The oort cloud and outer rocks on the other hand, are populated mostly by eccentrics, hermits, self-imposed exiles and overly emphatic scientists.The system rim is pretty well associated with people who are a few fruit short of a basket.

Out in borderworlds you've got the Alaerin-colonized system of Jarasgin. Which is pretty much just rocks, a gas giant, and more rocks. Given the Alaerin's clannish, somewhat feudal social nature, you have numerous habs and warrens occupied by clans competing and bickering in one of the largest industrial economies in Orion Expanse. They've got a exactly the reputation human belters tend to have in other settings, and tend to take offense at the human idea that you can claim resources with a radio beacon and a flag. So some interesting day to day conflicts going on out there.

I'm sure asteroid colonies play a vital role in just about every inhabited system's economy, for every species. So I could probably spend weeks coming up with cultures and quirks for this. A note to flesh this bit of every system out more has been made in any case. Thanks for the thought.

Literally it's because of his voice. He should be researching and writing a script for someone else to read, like Bazbattles.

Corporations need profit. Their capital, as well, still doesn't approach the numbers by superpowers yearly. It is far more likely to evaporate.

Corporate BACKERS might be common, but NASA/ESA/JAXA/ASA/CSNA/ROSCOSMOS or whatever will be the ones providing everything.

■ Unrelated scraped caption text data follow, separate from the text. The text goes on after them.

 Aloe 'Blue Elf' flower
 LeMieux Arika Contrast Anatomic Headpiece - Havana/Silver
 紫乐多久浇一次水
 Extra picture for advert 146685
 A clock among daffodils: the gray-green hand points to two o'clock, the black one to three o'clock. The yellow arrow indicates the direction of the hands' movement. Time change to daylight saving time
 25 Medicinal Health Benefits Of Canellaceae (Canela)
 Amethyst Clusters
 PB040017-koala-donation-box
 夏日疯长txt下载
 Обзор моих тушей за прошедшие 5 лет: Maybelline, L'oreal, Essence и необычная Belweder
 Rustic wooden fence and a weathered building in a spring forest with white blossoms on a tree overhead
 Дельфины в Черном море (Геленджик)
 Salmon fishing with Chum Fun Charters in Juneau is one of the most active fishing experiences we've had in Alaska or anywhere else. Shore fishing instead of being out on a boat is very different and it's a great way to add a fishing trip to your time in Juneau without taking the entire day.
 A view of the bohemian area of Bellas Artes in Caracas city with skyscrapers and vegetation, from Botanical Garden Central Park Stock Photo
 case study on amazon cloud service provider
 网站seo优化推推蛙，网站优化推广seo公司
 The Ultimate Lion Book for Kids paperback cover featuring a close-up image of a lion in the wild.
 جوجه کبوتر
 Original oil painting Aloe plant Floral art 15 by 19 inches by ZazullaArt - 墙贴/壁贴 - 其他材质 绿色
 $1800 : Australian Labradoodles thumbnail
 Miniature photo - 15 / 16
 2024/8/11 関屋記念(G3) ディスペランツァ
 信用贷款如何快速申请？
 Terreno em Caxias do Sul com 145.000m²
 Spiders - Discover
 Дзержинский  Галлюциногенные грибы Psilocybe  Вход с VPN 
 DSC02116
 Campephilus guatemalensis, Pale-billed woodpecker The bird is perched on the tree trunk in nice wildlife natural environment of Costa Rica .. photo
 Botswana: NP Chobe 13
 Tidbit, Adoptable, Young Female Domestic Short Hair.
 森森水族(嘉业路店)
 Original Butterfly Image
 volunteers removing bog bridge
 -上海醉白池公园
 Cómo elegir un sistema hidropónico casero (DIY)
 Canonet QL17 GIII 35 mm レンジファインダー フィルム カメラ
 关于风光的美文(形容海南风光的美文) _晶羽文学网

It's absurd because we have literal moons of water. All Mars needs is a few of the gas giant moons. Drawing it from the Asteroid belt might work on a 'time' basis but they have torch drives: time is no longer really a factor of concern.

And then it becomes more absurd because the arms race between Mars and Earth has set back the terraforming project. The Expanse could easily have shoved in another point of conflict by saying Martians now feel comfortable with what they've accomplished and don't really feel a need to waste time fully terraforming Mars, thus another point of contention between Earth and Mars (maybe stoked some more by some idiot populist painting Mars as a 'sixty acres and a mule' solution for the masses of Earth either as living space or an agri colony).

Asteroid colonists in my setting are invariably bound to a real planetary government. Bigger planets provide landmass and resources to count on, since it's militarily harder to capture and control an area the size of at least Africa as compared to a town the size of Dothan, Alabama.

As client states of planetary governments, they're usually part of a massive Cold War esque game of land and resource exploitation as well as strategic military posturing. This works best for "independent" asteroids which all seem like Casablanca in space, but winds up full of spies and mercenaries that wind up turning pirate because of the various borders around this place.

There's also the futas/hermaphrodites, because by interstellar law, a colony isn't worth mentioning until it has a population of 10,000 or more, so genetically engineering a third sex that can sire and bear children is useful for governments that want to get to the magic number quickly. There's a brewing social problem with them, but so far it's okay. Sure it is.

user from here.

Criminals are not a separate group because the space on the asteroid colony is very limited, the loners have too much time, the desperate are too trigger-happy, and both have a heightened sense of privacy. So if you are a criminal and you try to earn your fortune on an asteroid colony, then you are desperate.